Three functions pull just the data you need from an HTML document
One task that Windows administrators need to accomplish occasionally is extracting specific information from an HTML document. The document might be a local file, a status page on a LAN-attached network device, a Web-accessible database report, or any one of a thousand other types of pages, but in every case, we face two problems with using data from these sources. The first problem is connecting to the Web page and reading the data the page contains. If a page isn't a static file accessible through a Windows share or file system somewhere on the managed network, we can't use standard tools such as the Scripting.FileSystemObject object to read it. We might even need to supply a username and password to the device serving the Web page. Once we solve that problem, we have an even larger one: How do we reliably extract the snippet of information we need from virtually unreadable raw HTML?
We can resolve both problems by using standard components available on any Windows Script Host (WSH)-capable workstation and a little bit of thinking. I'll demonstrate the general process by walking through a demo script that fetches a Web page from a DSL router and extracts the router's public IP address. I'll then distill the process into three generic functions we can use to extract specific information from a wide variety of pages.

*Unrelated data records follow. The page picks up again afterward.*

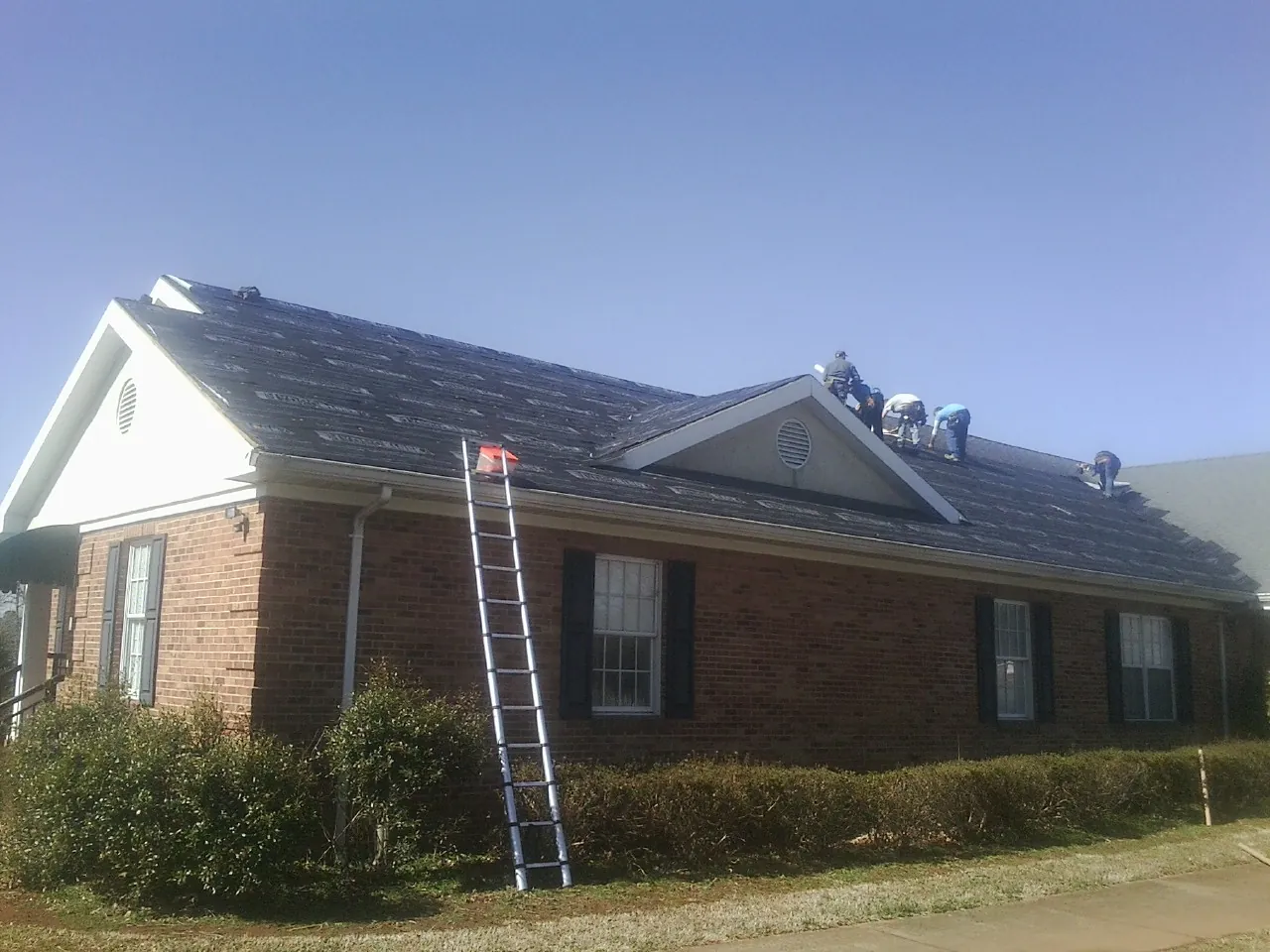 Crew tearing shingles off a brick ranch roof with a ladder set — Metal Roof Repair work by our crew in Windsor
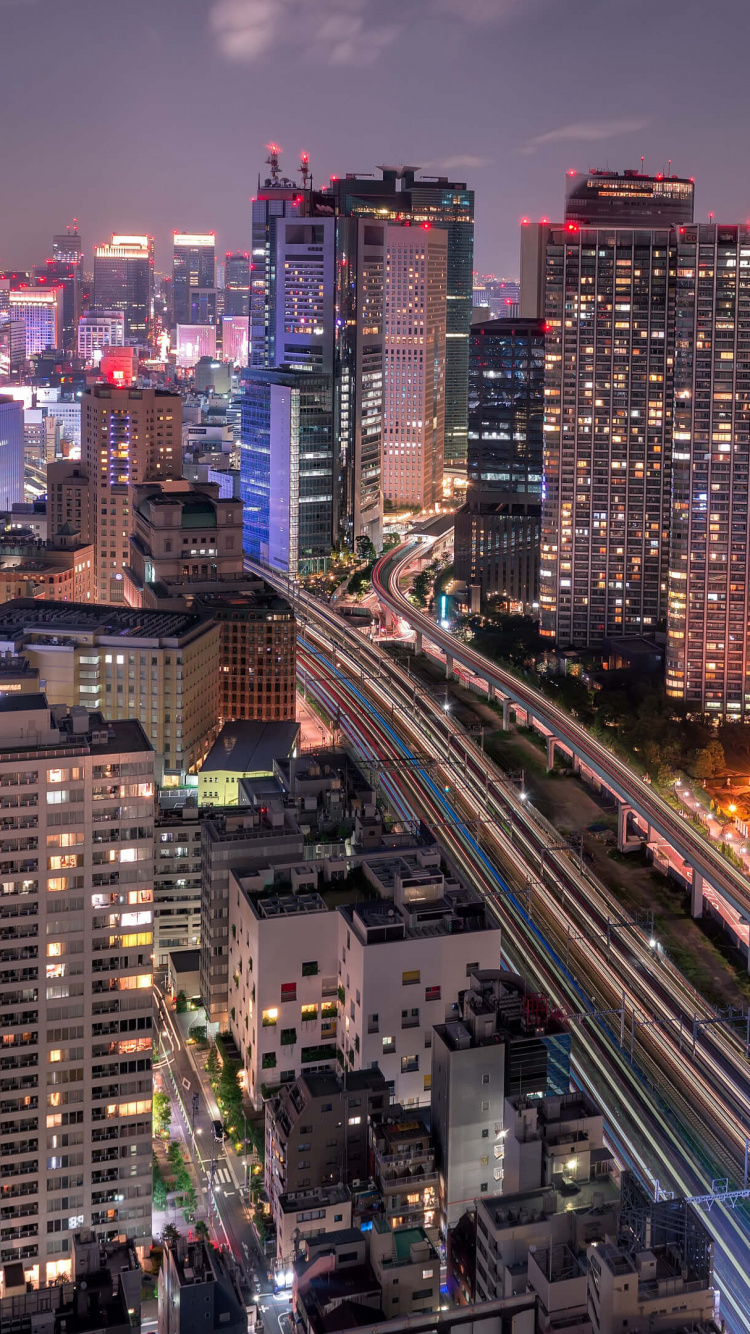 City Buildings During Night Time. Wallpaper in 750x1334 Resolution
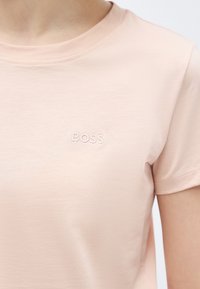 Κοντινό πλάνο ατόμου που φοράει ανοιχτό ροζ κοντομάνικη μπλούζα με την λέξη «BOSS» κεντημένη σε λευκό στο στήθος.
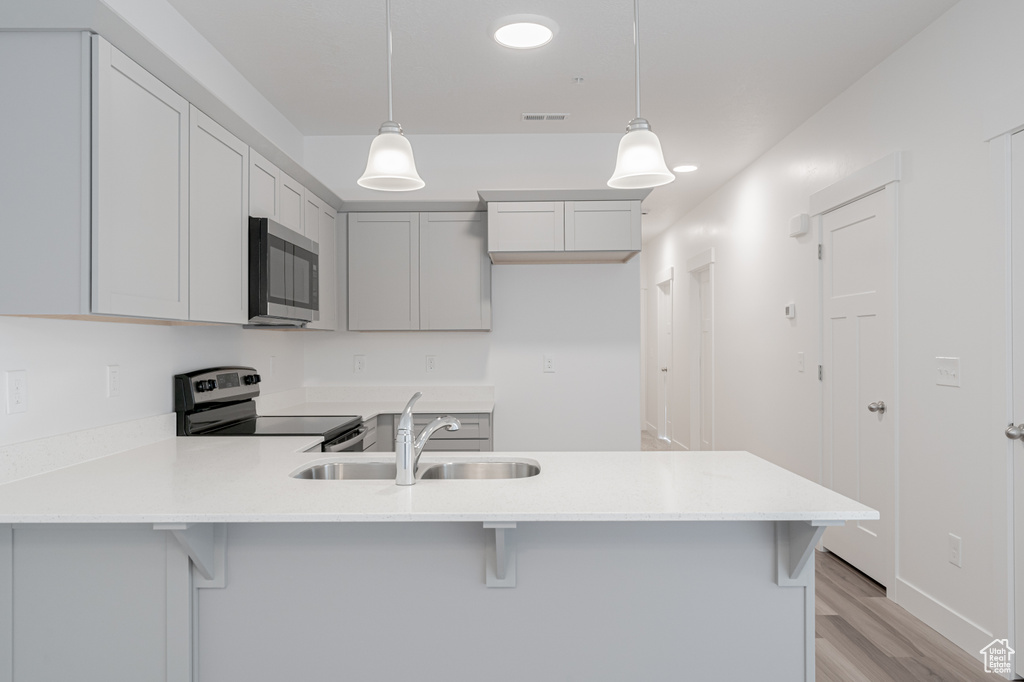 Kitchen featuring appliances with stainless steel finishes, sink, light hardwood / wood-style floors, hanging light fixtures, and a breakfast bar area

Note that in my discussion, the words information and data each have a particular meaning. When I use information, I mean the particular thing we want to find out--in this case, the public IP address of the router. When I use data, I'm referring to the raw page material that contains the information as well as extraneous material we need to remove.
Retrieving the Data
Out of the box, Windows 2000 and newer OSs have multiple components that we can use to retrieve Web data. Earlier 32-bit versions of Windows typically do as well if they've had patches and feature packs installed since 1999. The most obvious component for retrieving data from a Web page, and the one I personally don't use, is Microsoft Internet Explorer (IE). Although IE has many uses in scripts, it's designed for the interactive display of material. IE has problems when used in nongraphical sessions, might throw errors that block progress, and potentially has side effects when used against arbitrary remote content. IE is also slow because it automatically retrieves and displays additional content such as embedded images.
The component I typically use to retrieve data over an HTTP connection is Microsoft's XMLHTTP requester in msxml.dll. We begin the process by creating a reference to the requester like this:
Set xml = CreateObject _
Using the XMLHTTP requester consists of three steps: opening a connection, sending the request, and retrieving the response. For this component, opening the connection also means specifying the connection details. The full form of the open method for Microsoft.XMLHTTP looks like this, with optional arguments shown in square brackets:
open(method, url, \[async\], \[user\], \[pass\])
The method argument is a string specifying the type of request we're making. For HTTP connections, this is typically "GET". The url argument is also a string, and should be a complete legal URL if we're requesting remote content.
The url argument works with local file content as well, and in those cases, just the full path to the file will work--there's no need to add a file:// prefix to the file path.
In this case, we just use the URL we see in the browser when looking at the remote configuration page we want. The particular router I'm working with, a HomePortal 1800HG DSL router used in many home and small offices for Internet access, shows its public IP address on the page http://10.1.1.1/?PAGE=B01, so this will be the URL we specify.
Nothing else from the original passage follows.